Moreover, we have other senses than the classic five. A sense of balance, unrelated to the "touch" we learn about in school, is also unrelated to hearing - most deaf people can balance just fine - but relies on organs in or near the ears. There's the sense of proprioception, which is a fancy word for knowing where parts of your body are in relation to each other; you can raise your hand over your head, out of sight, and not lose track of it (we tend to take this one for granted, but it's a legitimate sense).
Some other animals have different senses, leading me to wonder whether a butterfly is actually tasting with its feet; perhaps it is smelling, or maybe it's using a sense we don't have a word for because we're not butterflies and our perception is thus limited. Sharks have at least three senses that we don't have, including the ability to sense electric fields, a feature shared with some other fish. Bats famously have hearing that's so sensitive that it might as well be sight for all practical purposes. Even common domestic cats (otherwise known as Our Overlords) have a sense that sort of combines taste and smell.

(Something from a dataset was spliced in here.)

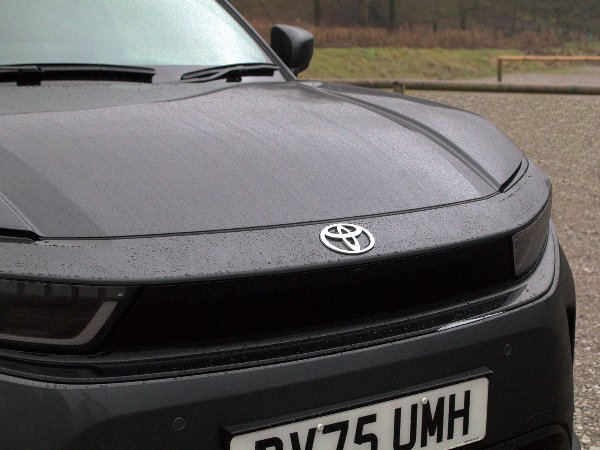 Close-up of a black Toyota car's front with raindrops on the bonnet.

So yes, it's a good idea to feature the underutilized senses in writing. But if, like me, you're a fan of fantasy and/or science fiction, the real fun comes in making up different senses and attempting to translate them to our limited experience. How, for example, would you describe the sight of a species whose visual organs can detect different sections of the electromagnetic spectrum? Hearing that exceeds our own range of vibrational wavelengths? An eel following an electric current? The taste of a recently-discovered moon?
I know when I write, I tend to be movie-like - sights and sounds, with other senses mostly just available through dialogue or inference: "Ewww, what died in here?" Or a description of Our Hero's face twisted up after swallowing a shot of gin.